* _What is being asked_: There are pictures in the records below; leave them out and set down exactly the lines from the one holding "First, hollowing will" through the one holding "This is how you".

* _Record excerpts_:

● ● ● ● ● ● ●

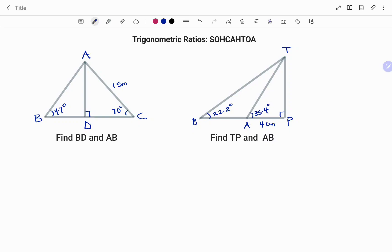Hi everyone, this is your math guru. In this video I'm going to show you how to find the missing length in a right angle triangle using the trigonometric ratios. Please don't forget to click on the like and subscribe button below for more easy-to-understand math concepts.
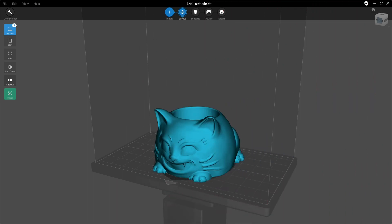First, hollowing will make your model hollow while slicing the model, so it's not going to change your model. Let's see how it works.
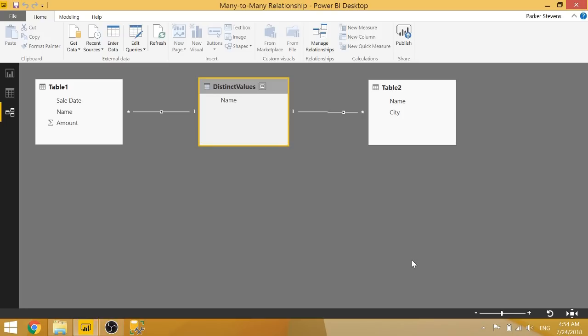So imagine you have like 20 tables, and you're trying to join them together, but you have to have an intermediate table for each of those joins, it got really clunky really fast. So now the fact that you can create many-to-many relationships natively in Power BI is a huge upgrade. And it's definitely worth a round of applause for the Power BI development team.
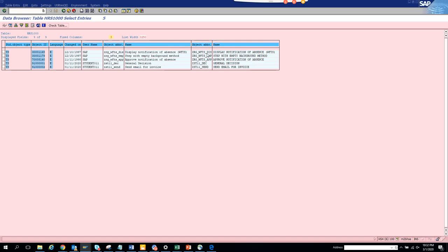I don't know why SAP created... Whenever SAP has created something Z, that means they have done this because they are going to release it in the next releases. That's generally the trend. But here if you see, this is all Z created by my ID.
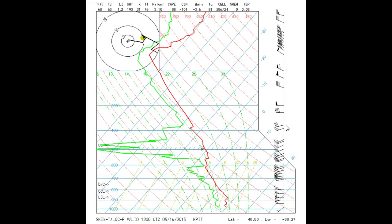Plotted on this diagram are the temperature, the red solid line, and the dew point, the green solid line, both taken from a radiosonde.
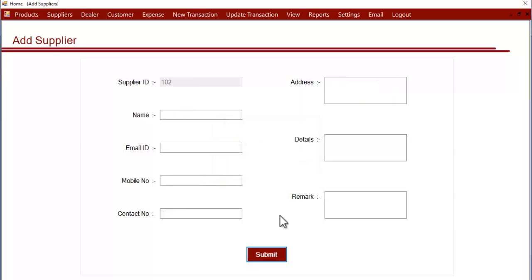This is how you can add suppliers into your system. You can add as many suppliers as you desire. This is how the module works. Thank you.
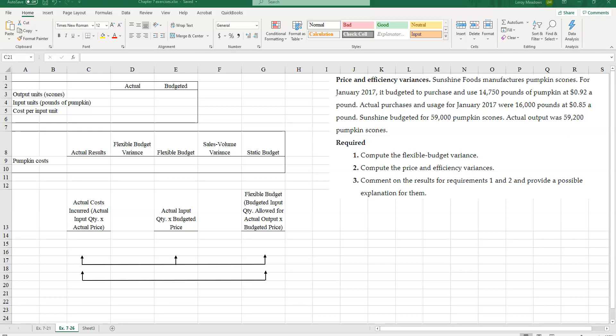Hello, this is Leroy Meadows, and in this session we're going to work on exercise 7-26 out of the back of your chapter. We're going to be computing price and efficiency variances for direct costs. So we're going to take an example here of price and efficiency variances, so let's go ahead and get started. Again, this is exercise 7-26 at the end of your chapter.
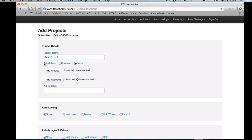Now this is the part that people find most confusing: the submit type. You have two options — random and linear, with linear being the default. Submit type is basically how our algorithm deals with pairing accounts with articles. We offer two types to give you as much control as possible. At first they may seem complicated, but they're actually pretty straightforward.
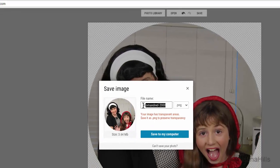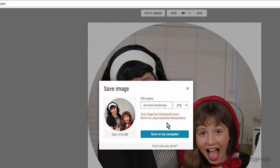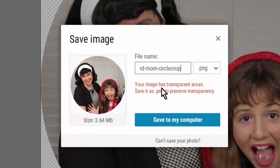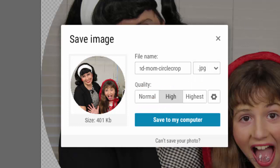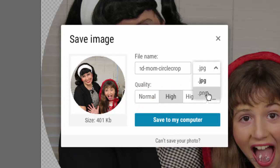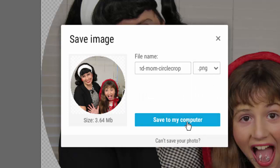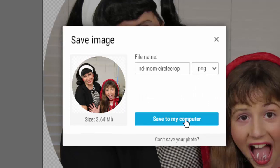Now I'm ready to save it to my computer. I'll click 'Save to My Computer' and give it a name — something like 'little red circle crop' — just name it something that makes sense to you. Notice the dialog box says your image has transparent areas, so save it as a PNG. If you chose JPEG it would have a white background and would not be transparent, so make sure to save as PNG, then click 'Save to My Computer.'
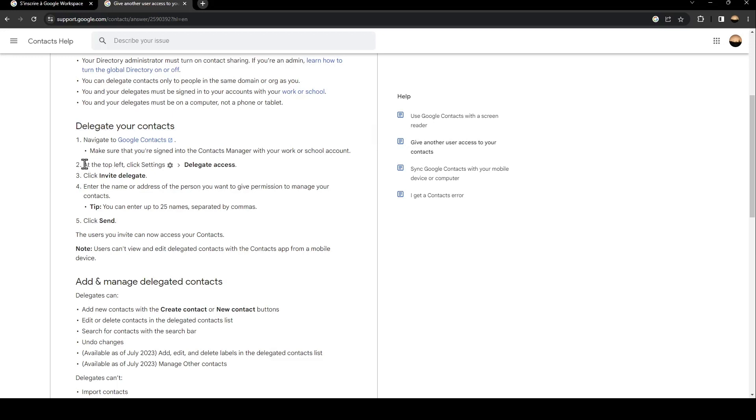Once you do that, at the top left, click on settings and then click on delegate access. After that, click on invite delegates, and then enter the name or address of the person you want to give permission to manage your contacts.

● ● ● ● ● ● ●

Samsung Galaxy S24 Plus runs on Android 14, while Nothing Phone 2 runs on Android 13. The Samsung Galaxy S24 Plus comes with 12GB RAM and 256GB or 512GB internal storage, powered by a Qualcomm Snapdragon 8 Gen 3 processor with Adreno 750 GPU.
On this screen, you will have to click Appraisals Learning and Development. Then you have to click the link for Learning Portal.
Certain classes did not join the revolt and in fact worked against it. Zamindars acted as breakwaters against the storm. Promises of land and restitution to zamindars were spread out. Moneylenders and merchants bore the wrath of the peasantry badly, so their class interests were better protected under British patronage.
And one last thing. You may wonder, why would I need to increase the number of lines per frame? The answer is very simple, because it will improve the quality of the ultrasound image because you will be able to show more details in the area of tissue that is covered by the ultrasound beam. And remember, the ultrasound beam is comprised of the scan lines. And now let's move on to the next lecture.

● ● ● ● ● ● ●

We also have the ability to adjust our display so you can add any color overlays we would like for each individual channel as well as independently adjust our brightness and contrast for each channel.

● ● ● ● ● ● ●

* _Completed exercise_:
First, hollowing will make your model hollow while slicing the model, so it's not going to change your model. Let's see how it works.
So imagine you have like 20 tables, and you're trying to join them together, but you have to have an intermediate table for each of those joins, it got really clunky really fast. So now the fact that you can create many-to-many relationships natively in Power BI is a huge upgrade. And it's definitely worth a round of applause for the Power BI development team.
I don't know why SAP created... Whenever SAP has created something Z, that means they have done this because they are going to release it in the next releases. That's generally the trend. But here if you see, this is all Z created by my ID.
Plotted on this diagram are the temperature, the red solid line, and the dew point, the green solid line, both taken from a radiosonde.
This is how you can add suppliers into your system. You can add as many suppliers as you desire. This is how the module works. Thank you.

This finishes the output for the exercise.